TASK TO COMPLETE —
With the pictures excluded, repeat every entry exactly.

Scraped caption text data —
________

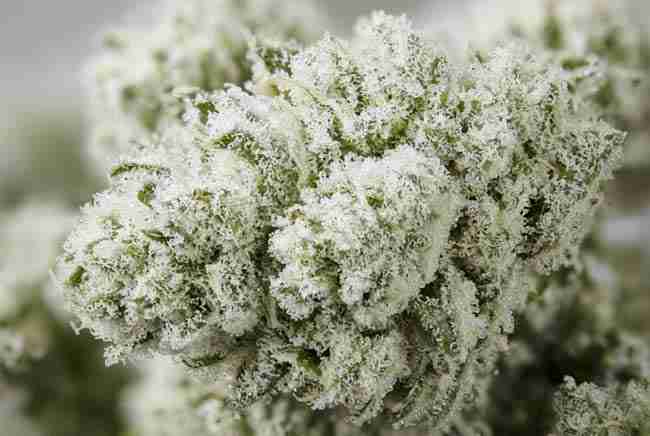 Snow-coated pale green flower close-up
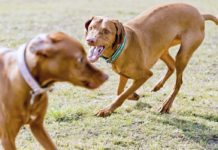 Nicht alle Hunde sind Freunde: So vermeiden Halter Konflikte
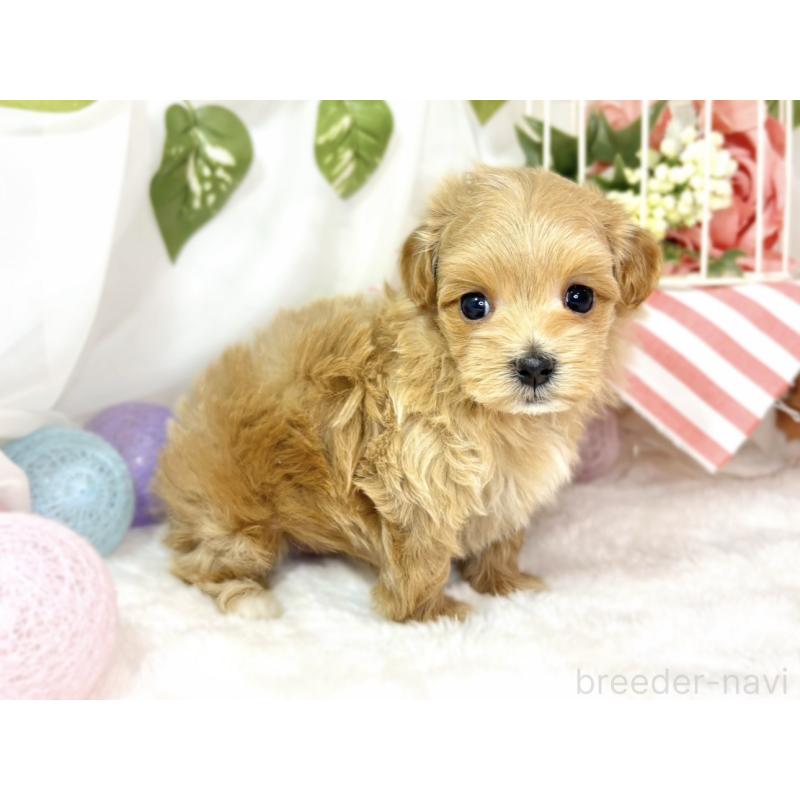 販売中の滋賀県のマルプー:マルチーズ×トイプードル-438137の2枚目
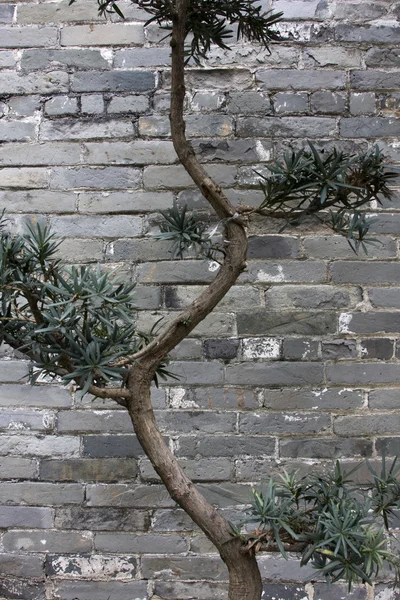 Chiński zielony cegły — Zdjęcie stockowe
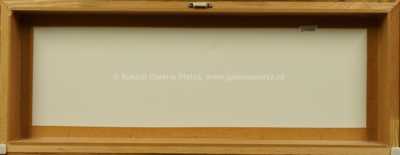  / Podvečer v Praze / Jiří Chadima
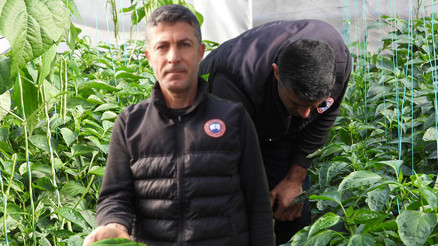 Zayıflamaya yardımcı oluyor ve vücuda ciddi faydaları var Hataylı çiftçi üretiyor: İstanbul, Ankara gibi şehirlerden yoğun talep görüyor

________

RESPONSE AREA —
 Snow-coated pale green flower close-up
 Nicht alle Hunde sind Freunde: So vermeiden Halter Konflikte
 販売中の滋賀県のマルプー:マルチーズ×トイプードル-438137の2枚目
 Chiński zielony cegły — Zdjęcie stockowe
  / Podvečer v Praze / Jiří Chadima
 Zayıflamaya yardımcı oluyor ve vücuda ciddi faydaları var Hataylı çiftçi üretiyor: İstanbul, Ankara gibi şehirlerden yoğun talep görüyor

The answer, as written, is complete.